**Work required**. Copy out the records precisely, omitting pictures.

**Data items**.
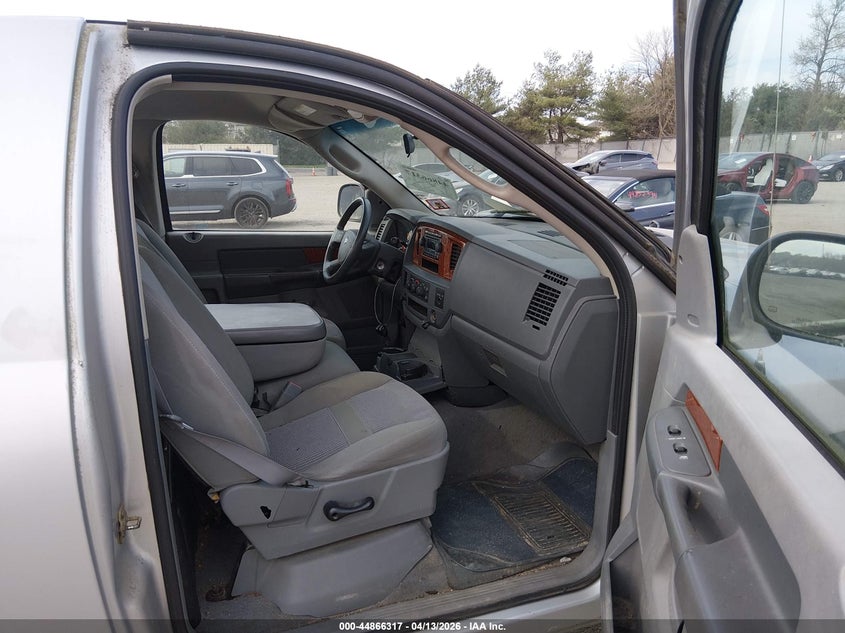 2006 Dodge Ram 1500 Slt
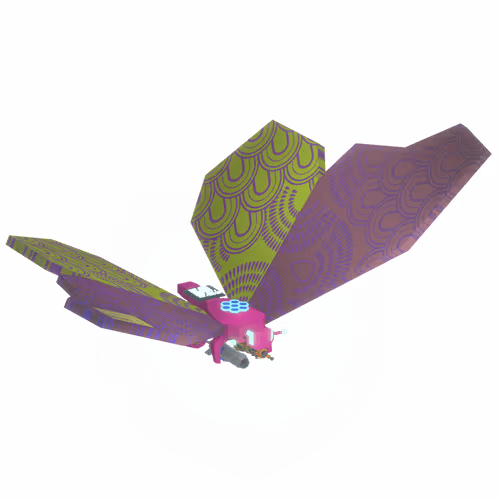 Battlefly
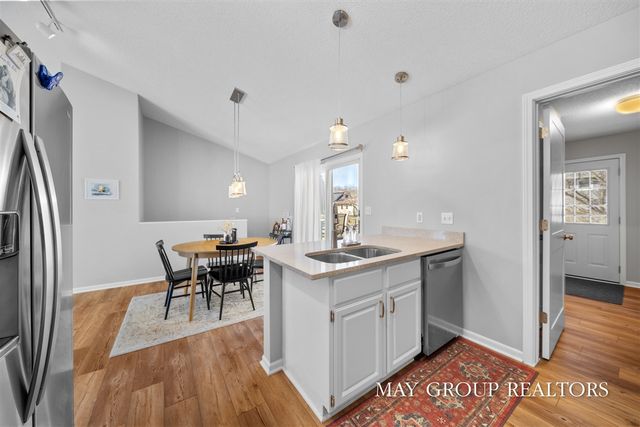 15257 Widgeon Road, Grand Haven, MI 49417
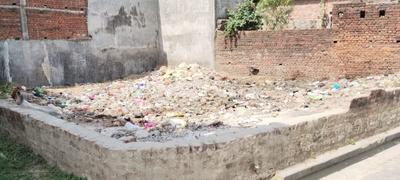Image of 1656 Sq.ft Residential Plot / Land for sale in Maitripuram, Gorakhpur for Rs. 5000000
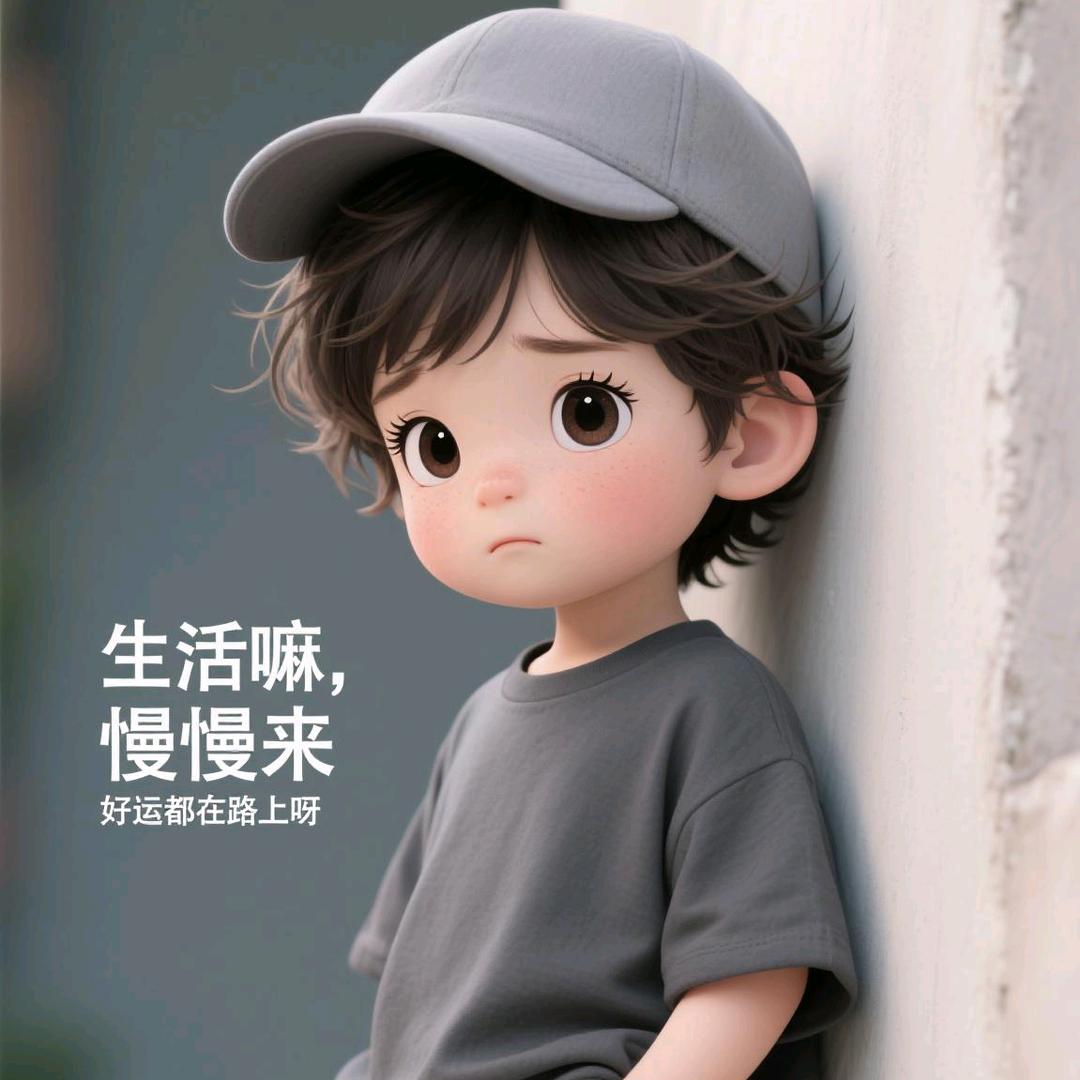 男人、永不言败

**Exercise solution**.
 2006 Dodge Ram 1500 Slt
 Battlefly
 15257 Widgeon Road, Grand Haven, MI 49417
Image of 1656 Sq.ft Residential Plot / Land for sale in Maitripuram, Gorakhpur for Rs. 5000000
 男人、永不言败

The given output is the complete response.